Cheap arbitrary high order methods for single integrand SDEs

TL;DR

This paper demonstrates that applying deterministic Runge-Kutta methods to single integrand Stratonovich SDEs yields high-order convergence in mean-square and weak senses, leveraging the similarity of their B-series to ODE solutions.

Contribution

It establishes a novel approach for high-order numerical solutions of single integrand SDEs using deterministic Runge-Kutta methods, exploiting their B-series structure.

Findings

Methods converge with order loor(p_d/2) in mean-square and weak senses.
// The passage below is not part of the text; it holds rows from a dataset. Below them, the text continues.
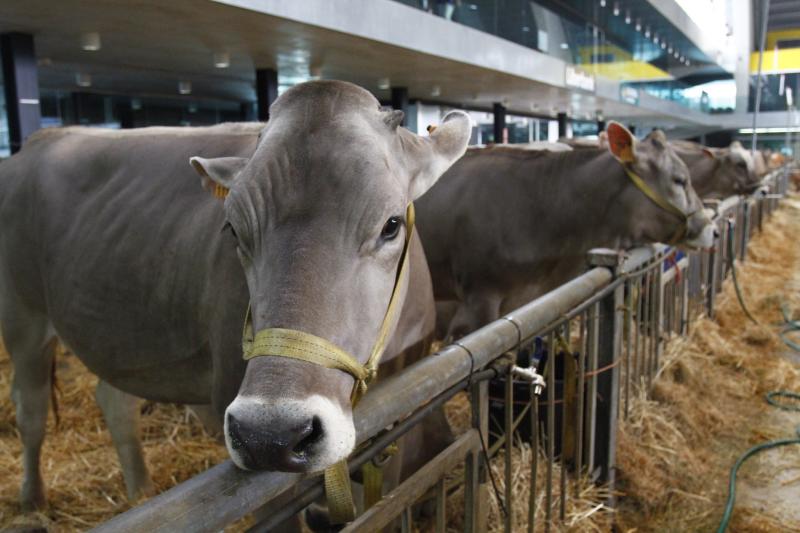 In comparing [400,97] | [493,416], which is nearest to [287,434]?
[493,416]

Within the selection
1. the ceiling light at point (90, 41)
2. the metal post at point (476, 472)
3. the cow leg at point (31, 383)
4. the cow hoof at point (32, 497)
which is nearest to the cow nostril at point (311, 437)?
the metal post at point (476, 472)

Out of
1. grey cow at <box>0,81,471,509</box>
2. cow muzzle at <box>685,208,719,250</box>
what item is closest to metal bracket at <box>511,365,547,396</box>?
grey cow at <box>0,81,471,509</box>

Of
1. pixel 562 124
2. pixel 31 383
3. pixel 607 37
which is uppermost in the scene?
pixel 607 37

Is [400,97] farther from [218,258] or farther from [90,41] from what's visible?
[218,258]

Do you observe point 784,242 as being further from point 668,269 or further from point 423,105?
point 423,105

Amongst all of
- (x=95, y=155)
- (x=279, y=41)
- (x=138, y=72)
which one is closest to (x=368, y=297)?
(x=95, y=155)

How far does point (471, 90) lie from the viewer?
17.3 metres

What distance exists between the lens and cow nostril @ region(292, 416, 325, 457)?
4.01 ft

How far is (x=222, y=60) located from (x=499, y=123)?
11483 millimetres

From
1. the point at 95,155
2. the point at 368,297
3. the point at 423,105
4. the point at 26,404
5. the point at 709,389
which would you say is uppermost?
the point at 423,105

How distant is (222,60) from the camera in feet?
38.4

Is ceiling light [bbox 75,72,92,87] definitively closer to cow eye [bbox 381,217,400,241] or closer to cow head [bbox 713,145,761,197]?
cow head [bbox 713,145,761,197]

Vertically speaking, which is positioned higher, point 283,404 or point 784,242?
point 283,404

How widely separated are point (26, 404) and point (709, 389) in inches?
168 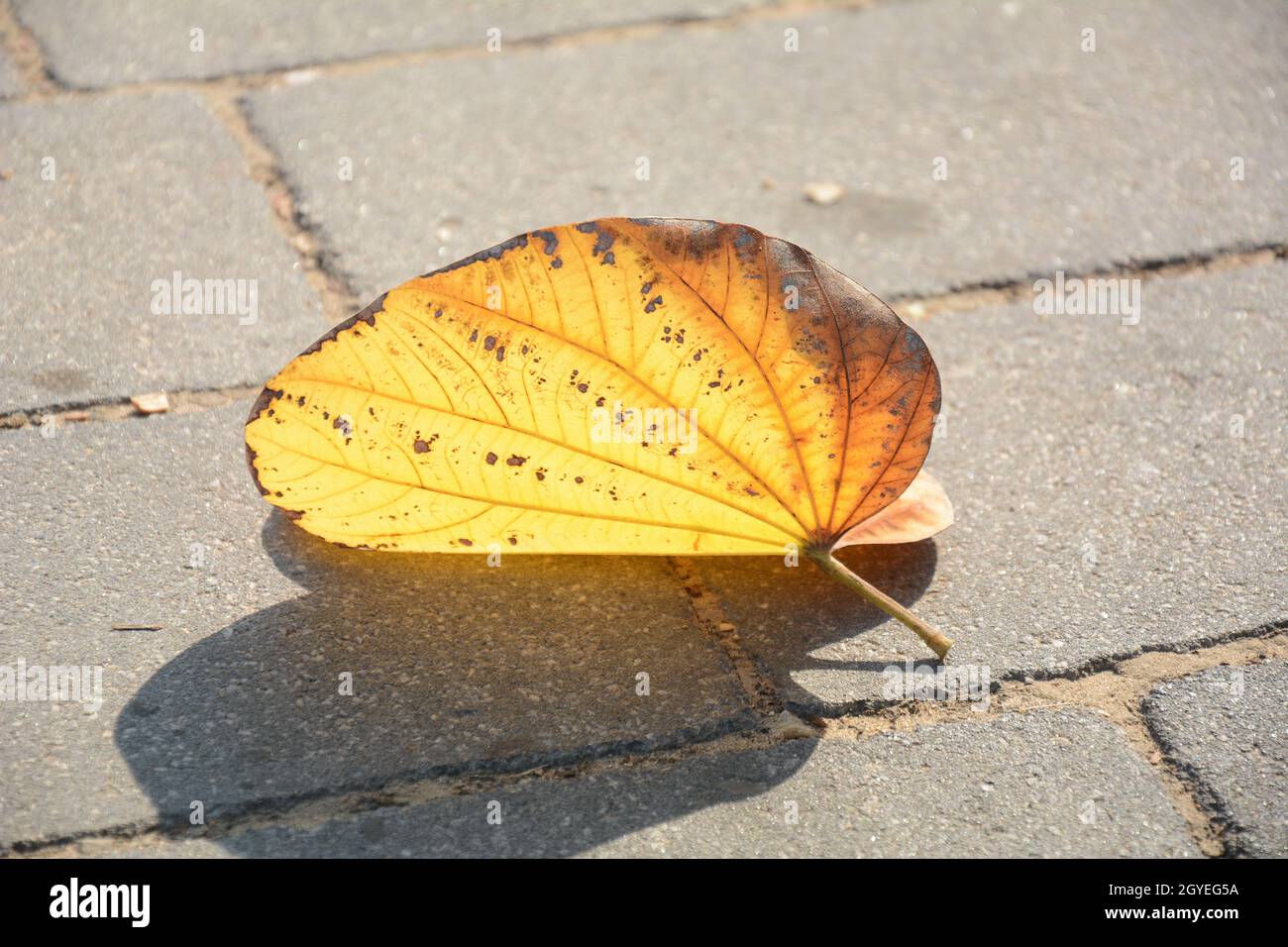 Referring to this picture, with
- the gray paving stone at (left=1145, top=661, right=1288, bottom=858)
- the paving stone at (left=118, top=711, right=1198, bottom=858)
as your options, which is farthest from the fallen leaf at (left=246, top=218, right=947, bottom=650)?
the gray paving stone at (left=1145, top=661, right=1288, bottom=858)

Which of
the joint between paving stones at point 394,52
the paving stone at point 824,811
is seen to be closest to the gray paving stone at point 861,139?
the joint between paving stones at point 394,52

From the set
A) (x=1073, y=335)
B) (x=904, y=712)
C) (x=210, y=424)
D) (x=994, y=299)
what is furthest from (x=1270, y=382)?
(x=210, y=424)

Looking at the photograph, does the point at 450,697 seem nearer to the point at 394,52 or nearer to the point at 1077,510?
the point at 1077,510

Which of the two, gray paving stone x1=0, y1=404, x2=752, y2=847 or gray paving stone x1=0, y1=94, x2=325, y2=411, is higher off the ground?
gray paving stone x1=0, y1=94, x2=325, y2=411

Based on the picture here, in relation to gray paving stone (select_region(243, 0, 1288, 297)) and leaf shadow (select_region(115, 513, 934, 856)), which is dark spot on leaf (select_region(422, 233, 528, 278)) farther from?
gray paving stone (select_region(243, 0, 1288, 297))

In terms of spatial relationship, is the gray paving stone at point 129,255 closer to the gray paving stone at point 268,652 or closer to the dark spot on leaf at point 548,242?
the gray paving stone at point 268,652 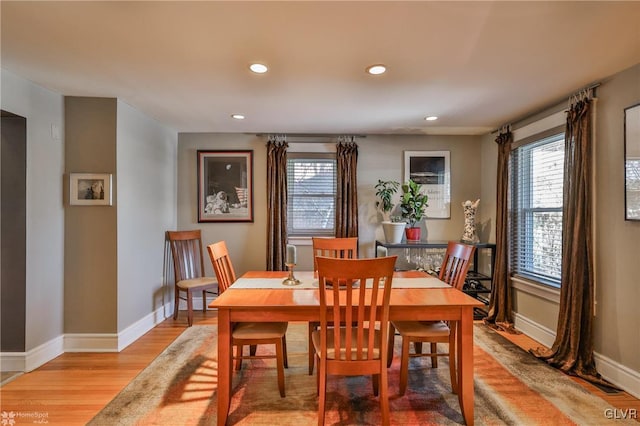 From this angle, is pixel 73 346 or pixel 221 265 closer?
pixel 221 265

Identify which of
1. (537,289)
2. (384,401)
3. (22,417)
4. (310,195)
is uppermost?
(310,195)

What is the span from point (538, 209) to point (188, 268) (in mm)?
4097

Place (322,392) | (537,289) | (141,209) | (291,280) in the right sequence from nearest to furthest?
(322,392) < (291,280) < (537,289) < (141,209)

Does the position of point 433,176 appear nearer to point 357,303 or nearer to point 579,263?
point 579,263

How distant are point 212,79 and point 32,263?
213 cm

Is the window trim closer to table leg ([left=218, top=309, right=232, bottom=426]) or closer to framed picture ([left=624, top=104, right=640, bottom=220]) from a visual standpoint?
framed picture ([left=624, top=104, right=640, bottom=220])

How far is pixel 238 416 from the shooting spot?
2.04 meters

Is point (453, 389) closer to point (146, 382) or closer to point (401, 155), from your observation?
point (146, 382)

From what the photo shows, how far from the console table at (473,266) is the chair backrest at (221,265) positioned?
6.66 feet

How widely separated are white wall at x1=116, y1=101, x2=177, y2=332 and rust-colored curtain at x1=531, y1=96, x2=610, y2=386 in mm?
3961

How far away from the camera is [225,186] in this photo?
4.30 m

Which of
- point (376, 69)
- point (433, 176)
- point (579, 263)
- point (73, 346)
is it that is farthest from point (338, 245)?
point (73, 346)

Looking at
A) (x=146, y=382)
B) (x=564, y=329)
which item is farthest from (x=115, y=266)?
(x=564, y=329)

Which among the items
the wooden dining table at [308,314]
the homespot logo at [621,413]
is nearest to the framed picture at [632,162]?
the homespot logo at [621,413] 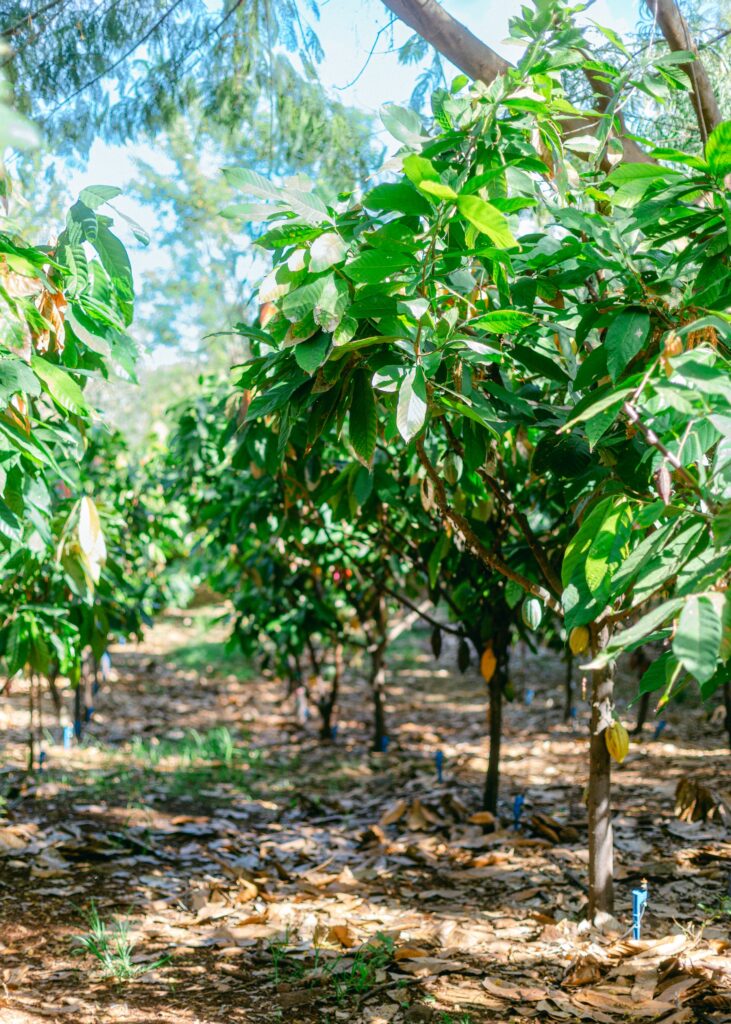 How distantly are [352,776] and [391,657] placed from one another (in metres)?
4.11

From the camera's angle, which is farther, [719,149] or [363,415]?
[363,415]

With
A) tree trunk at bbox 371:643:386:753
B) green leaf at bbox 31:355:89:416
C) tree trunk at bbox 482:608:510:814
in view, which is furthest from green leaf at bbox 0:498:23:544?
tree trunk at bbox 371:643:386:753

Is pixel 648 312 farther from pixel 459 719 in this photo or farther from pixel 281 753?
pixel 459 719

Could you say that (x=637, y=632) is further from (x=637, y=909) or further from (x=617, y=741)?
(x=637, y=909)

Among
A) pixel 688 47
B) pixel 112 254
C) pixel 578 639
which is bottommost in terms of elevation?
pixel 578 639

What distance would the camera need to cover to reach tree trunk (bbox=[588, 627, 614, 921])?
2.21m

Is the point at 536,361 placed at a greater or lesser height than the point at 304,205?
lesser

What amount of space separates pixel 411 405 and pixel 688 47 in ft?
5.51

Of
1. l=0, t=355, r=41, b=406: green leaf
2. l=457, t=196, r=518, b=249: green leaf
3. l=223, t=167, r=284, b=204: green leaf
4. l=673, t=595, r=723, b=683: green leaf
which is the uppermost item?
l=223, t=167, r=284, b=204: green leaf

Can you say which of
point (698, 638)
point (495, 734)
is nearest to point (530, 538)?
point (698, 638)

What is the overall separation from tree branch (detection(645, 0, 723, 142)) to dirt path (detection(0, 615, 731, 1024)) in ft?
→ 6.85

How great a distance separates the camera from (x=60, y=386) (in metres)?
1.60

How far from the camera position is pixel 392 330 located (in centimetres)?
144

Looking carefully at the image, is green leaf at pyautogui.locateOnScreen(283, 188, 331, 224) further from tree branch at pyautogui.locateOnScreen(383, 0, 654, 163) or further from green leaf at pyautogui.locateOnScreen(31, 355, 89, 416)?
tree branch at pyautogui.locateOnScreen(383, 0, 654, 163) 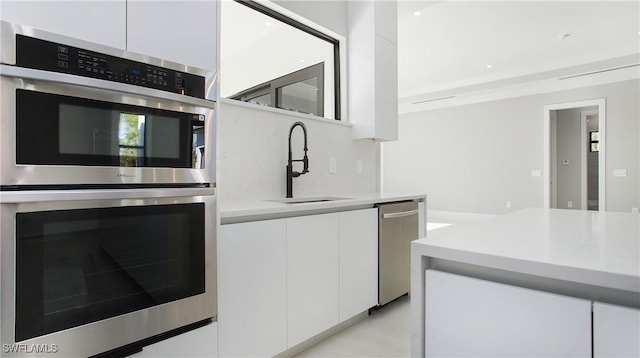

B-series of solutions are similar to ODE case due to single integrand structure.

Applicability to specific Stratonovich SDE problems with high efficiency.

Abstract

For a particular class of Stratonovich SDE problems, here denoted as single integrand SDEs, we prove that by applying a deterministic Runge-Kutta method of order $p_d$ we obtain methods converging in the mean-square and weak sense with order $\lfloor p_d/2\rfloor$. The reason is that the B-series of the exact solution and numerical approximation are, due to the single integrand and the usual rules of calculus holding for Stratonovich integration, similar to the ODE case. The only difference is that integration with respect to time is replaced by integration with respect to the measure induced by the single integrand SDE.